To be clear, Station Management didn’t come there to save them. Station Management entered the booth because the new intern was ruining a paid live spot. Though, their rage over Joseph’s error turned immediately into rage against my spider-shaped salmon burger.

It turns out Station Management was right about that séance that the sales team forgot to close out. Since the seance had been left open, that poltergeist or dybbuk or demon or whatever had gotten loose. It then possessed the first piece of flesh it found. Which turned out to be my salmon burger.

Station Management managed to squash it with one hand while spraying it with insecticide with the other hand and with yet another hand they covered it with a large bowl and with another hand they called the exorcist and demanded she arrive this afternoon rather than tomorrow morning.
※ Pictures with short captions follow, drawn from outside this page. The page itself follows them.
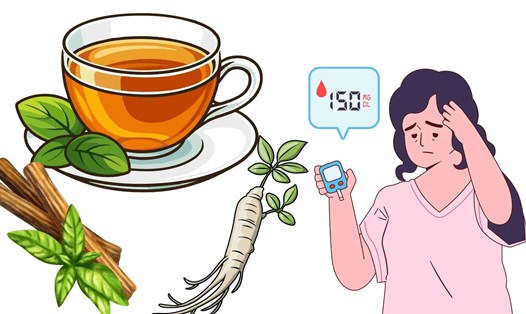 Người huyết áp cao nên tránh một số loại trà. Đồ họa: Hạ Mây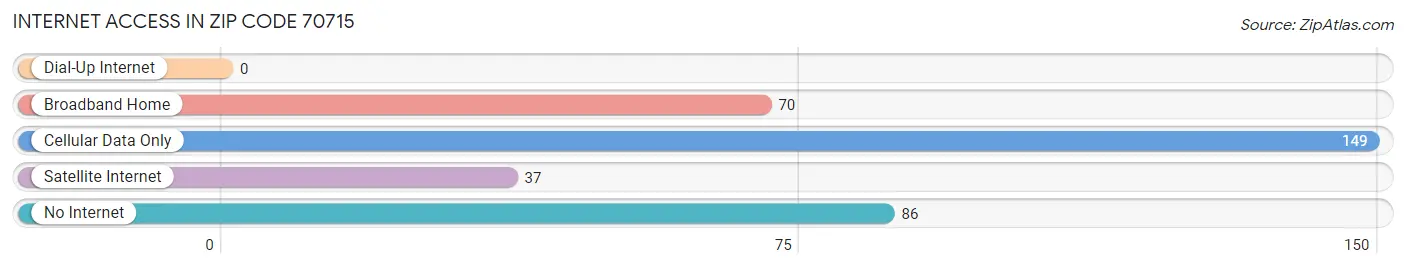 Internet Access in Zip Code 70715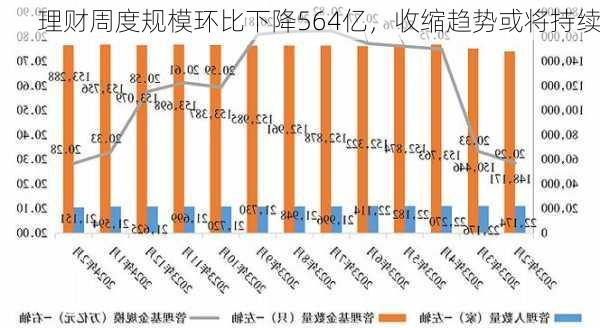 理财周度规模环比下降564亿，收缩趋势或将持续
And with their other hands they were typing out more memos about how to properly open and close a séance. 

You know, I don’t always see eye to eye with station management. Mostly because we’re not allowed to look directly at them without Mortal Consequences, but also because we sometimes differ on certain ways to run a radio station. Still, I’m glad they had our back. It’s like that scene in Hamlet when Hamlet tells Ophelia “I’d fall on a grenade for ya; I’d do anything for ya.” And Ophelia says “Totally. Same.” And then they get married and move to Portugal.

That’s the kind of devotion that’s important to me. So thank you to Station Management for looking out for us. Maybe you’d be into a union as well? Oh no, an abyss is cracking open in the floor in front of me. Changing the subject. 

And a thank you to my friend and professional chef Earl Harlan, who was listening to my show today. Earl felt so bad about me not getting to eat my salmon burger that he made me another and brought it up here for me.

Stay tuned next to the sound of stress eating. Just the gooiest hot-mic smacking sounds you’ve ever heard.

Good night, Night Vale. Good night.

PROVERB: The question is not WHO’s a good boy? The question is WHAT’s a good boy? Ask yourself THAT, smart guy.